37 καὶ παραλαβὼν τὸν Πέτρον καὶ τοὺς δύο υἱοὺς Ζεβεδαίου ἤρξατο λυπεῖσθαι καὶ ἀδημονεῖν.
38τότε λέγει αὐτοῖς, Περίλυπός ἐστιν ἡ ψυχή μου ἕως θανάτου: μείνατε ὧδε καὶ γρηγορεῖτε μετ’ ἐμοῦ.
Then they came with Jesus to the Garden called Gethsemane, and he said to his disciples, “Sit yourself while I going away over there will pray”. (37) And taking Peter and the two sons of Zebedee he began to be anguished and grieved. (38) Then he sad to the, “Surrounded is my soul with grief unto death. Remain here and keep watch with me”.
Of course, this is setting the mood of the scene; Jesus knows what is coming, and he is deeply distraught by its occurrence. For this particular moment, I believe the most significant aspect of these three verses are the way, once again, Jesus is made to manage the situation so that only the three main disciples are with him. The others, now eight in number with the exit of Judas, are conveniently removed from the scene and the narrative. This has happened a number of times–the Transfiguration being the most salient–and it seems to be a plot device. It’s a way of maintaining the existence of Twelve, without ever actually involving them, or even including them, in any of the action. And naturally they weren’t involved in any of the action: they didn’t exist at the time.

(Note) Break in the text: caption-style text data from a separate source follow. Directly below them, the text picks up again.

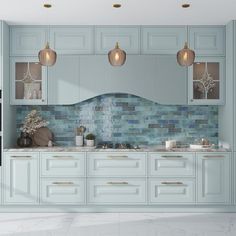 a kitchen with white cabinets and blue tile backsplash, gold trimmings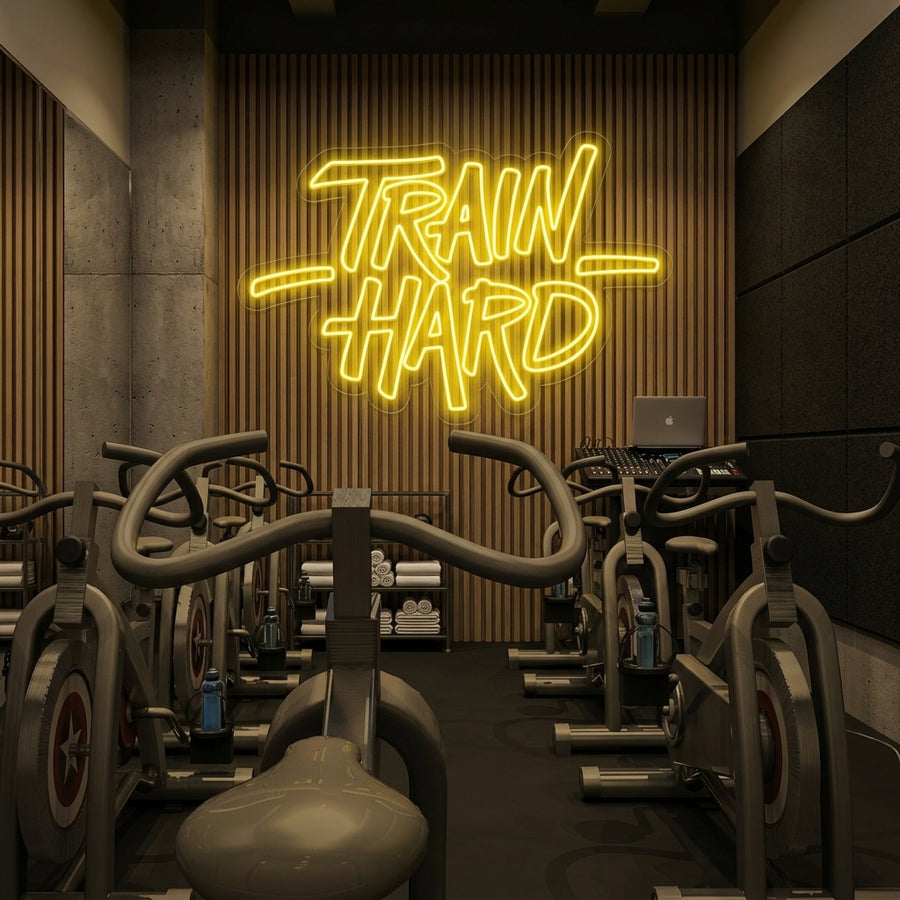 Vibrant blue 'Train Hard' neon sign mounted on a textured dark gym wall above dumbbells and resistance bands.
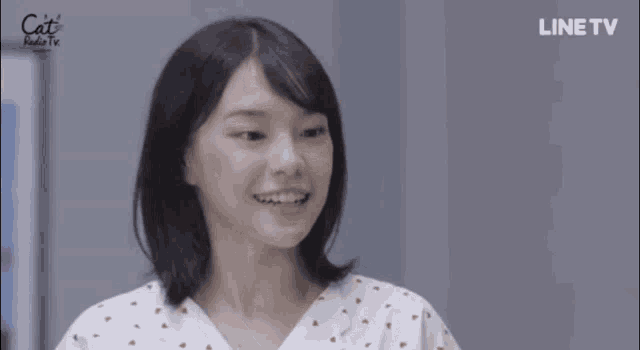 a young woman in a hospital gown is smiling and making a funny face .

I’m struck that Jesus asks the Three to “keep watch”; is this a reference back to the previous chapter, in which Jesus tells parables about being watchful? As such, this would be a true literary device.
36 Tunc venit Iesus cum illis in praedium, quod dicitur Gethsemani. Et dicit discipulis: “ Sedete hic, donec vadam illuc et orem ”.

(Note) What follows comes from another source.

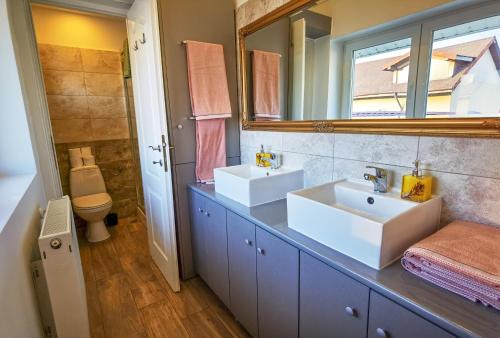 a bathroom with two sinks and a mirror at Apartament 2 camere - Casa Divertis in Buzau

37 Et assumpto Petro et duobus filiis Zebedaei, coepit contristari et maestus esse.
38 Tunc ait illis: “Tristis est anima mea usque ad mortem; sustinete hic et vigilate mecum”.
39 καὶ προελθὼν μικρὸν ἔπεσεν ἐπὶ πρόσωπον αὐτοῦ προσευχόμενος καὶ λέγων, Πάτερ μου, εἰ δυνατόν ἐστιν, παρελθάτω ἀπ’ ἐμοῦ τὸ ποτήριον τοῦτο: πλὴν οὐχ ὡς ἐγὼ θέλω ἀλλ’ ὡς σύ.
40 καὶ ἔρχεται πρὸς τοὺς μαθητὰς καὶ εὑρίσκει αὐτοὺς καθεύδοντας, καὶ λέγει τῷ Πέτρῳ, Οὕτως οὐκ ἰσχύσατε μίαν ὥραν γρηγορῆσαι μετ’ ἐμοῦ;
41 γρηγορεῖτε καὶ προσεύχεσθε, ἵνα μὴ εἰσέλθητε εἰς πειρασμόν: τὸ μὲν πνεῦμα πρόθυμον ἡ δὲ σὰρξ ἀσθενής.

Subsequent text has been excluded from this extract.